START Recorded information
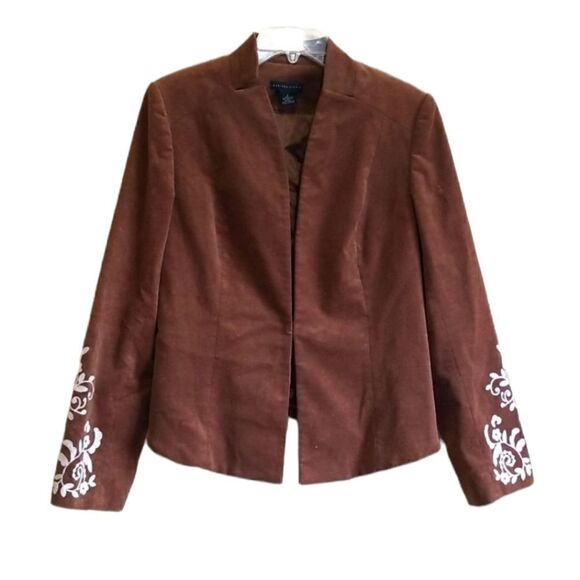 Madison Studio Jackets & Blazers - MADISON STUDIO CORDUROY BROWN JACKET W/EMBROIDERED SLEEVES Sz8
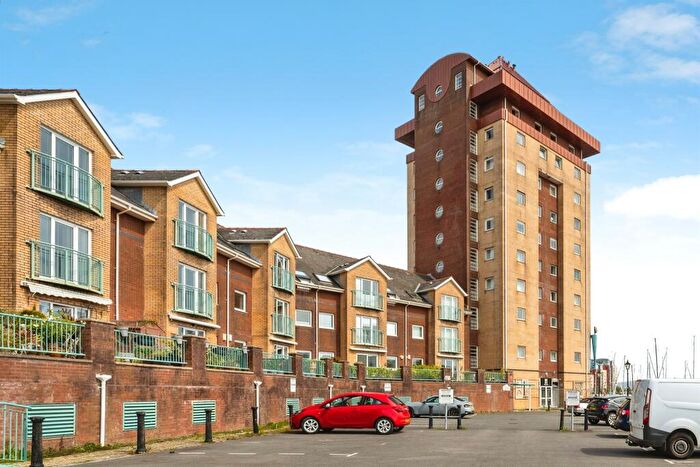 2 Bedroom Flat For Sale In Pocketts Wharf, Maritime Quarter, Swansea, SA1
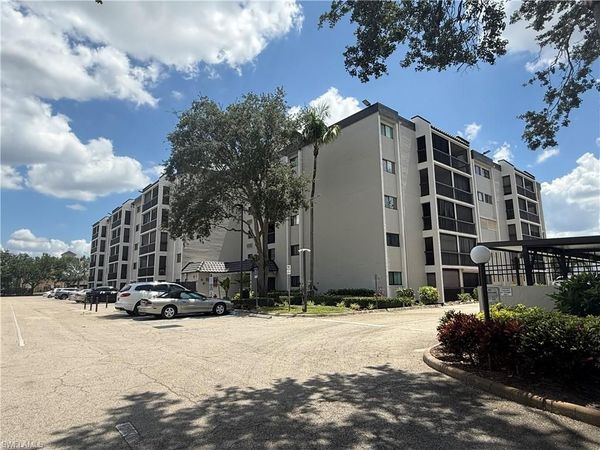 2121 Collier AVE, Unit 109, FORT MYERS, FL 33901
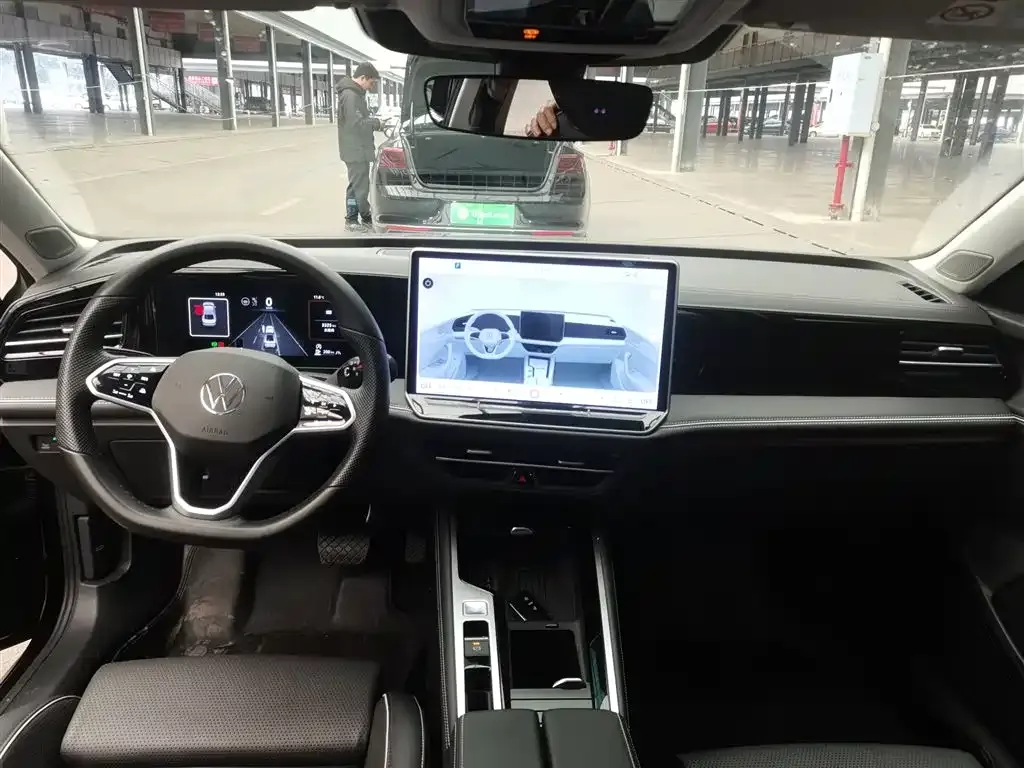 Volkswagen Magotan 2024 из CN, фото 5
END Recorded information
Work task. Each line from the one containing "2 Bedroom Flat" through the last line of the listing must be copied exactly, and the pictures must not be.

Solution below.
 2 Bedroom Flat For Sale In Pocketts Wharf, Maritime Quarter, Swansea, SA1
 2121 Collier AVE, Unit 109, FORT MYERS, FL 33901
 Volkswagen Magotan 2024 из CN, фото 5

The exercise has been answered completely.